» Short text fragments from websites:

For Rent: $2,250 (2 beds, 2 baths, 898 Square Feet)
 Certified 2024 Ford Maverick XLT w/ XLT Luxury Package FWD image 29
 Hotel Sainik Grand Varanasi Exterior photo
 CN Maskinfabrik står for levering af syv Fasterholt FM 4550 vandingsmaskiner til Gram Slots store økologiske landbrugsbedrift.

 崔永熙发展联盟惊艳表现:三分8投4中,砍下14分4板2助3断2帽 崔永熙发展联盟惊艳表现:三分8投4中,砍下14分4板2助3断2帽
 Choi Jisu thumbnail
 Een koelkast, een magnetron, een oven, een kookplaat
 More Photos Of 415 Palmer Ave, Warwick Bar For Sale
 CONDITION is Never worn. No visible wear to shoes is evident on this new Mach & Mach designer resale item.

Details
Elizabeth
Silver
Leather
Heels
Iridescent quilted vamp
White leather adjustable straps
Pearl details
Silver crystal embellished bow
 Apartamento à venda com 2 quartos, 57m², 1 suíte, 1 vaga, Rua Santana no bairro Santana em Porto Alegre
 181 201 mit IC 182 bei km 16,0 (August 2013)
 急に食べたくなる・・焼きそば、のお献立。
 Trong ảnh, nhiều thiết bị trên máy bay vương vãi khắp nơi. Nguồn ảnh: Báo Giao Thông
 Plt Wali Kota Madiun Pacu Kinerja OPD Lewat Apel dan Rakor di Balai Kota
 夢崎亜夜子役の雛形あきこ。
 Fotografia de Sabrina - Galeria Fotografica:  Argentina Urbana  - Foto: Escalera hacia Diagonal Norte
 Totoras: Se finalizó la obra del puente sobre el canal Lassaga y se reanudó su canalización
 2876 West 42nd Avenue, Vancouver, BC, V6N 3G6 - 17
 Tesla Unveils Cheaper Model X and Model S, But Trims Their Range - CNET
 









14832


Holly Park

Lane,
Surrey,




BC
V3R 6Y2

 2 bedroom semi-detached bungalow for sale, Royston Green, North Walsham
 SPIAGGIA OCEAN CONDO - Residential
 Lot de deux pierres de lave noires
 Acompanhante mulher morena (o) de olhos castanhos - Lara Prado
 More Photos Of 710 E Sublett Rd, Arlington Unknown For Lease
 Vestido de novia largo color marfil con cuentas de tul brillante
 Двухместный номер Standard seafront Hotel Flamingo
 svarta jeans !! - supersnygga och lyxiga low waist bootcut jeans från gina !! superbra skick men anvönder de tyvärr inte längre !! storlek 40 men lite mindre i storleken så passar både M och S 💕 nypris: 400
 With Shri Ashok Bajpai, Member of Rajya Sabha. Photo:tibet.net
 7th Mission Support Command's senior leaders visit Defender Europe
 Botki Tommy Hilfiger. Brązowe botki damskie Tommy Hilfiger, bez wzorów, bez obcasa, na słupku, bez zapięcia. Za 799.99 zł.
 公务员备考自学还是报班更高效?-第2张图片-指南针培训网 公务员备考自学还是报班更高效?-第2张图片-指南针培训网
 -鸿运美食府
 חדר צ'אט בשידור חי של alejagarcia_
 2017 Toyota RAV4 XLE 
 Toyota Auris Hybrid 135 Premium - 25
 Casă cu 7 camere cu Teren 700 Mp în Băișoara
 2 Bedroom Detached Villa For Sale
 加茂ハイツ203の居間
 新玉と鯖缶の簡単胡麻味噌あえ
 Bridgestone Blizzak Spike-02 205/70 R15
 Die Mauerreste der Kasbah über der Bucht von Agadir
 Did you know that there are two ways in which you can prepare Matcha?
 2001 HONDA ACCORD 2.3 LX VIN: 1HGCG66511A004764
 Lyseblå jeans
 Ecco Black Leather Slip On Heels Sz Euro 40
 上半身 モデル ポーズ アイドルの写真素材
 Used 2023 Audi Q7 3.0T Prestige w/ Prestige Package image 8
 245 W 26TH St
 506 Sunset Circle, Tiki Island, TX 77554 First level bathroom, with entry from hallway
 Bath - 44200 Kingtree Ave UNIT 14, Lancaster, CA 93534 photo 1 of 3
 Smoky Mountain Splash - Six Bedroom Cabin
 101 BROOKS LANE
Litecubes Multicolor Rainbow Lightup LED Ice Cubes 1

» ASSIGNMENT: If a line of the records above holds the word "image", show it.

» ANSWER FOR THIS EXERCISE:
 Certified 2024 Ford Maverick XLT w/ XLT Luxury Package FWD image 29
 Used 2023 Audi Q7 3.0T Prestige w/ Prestige Package image 8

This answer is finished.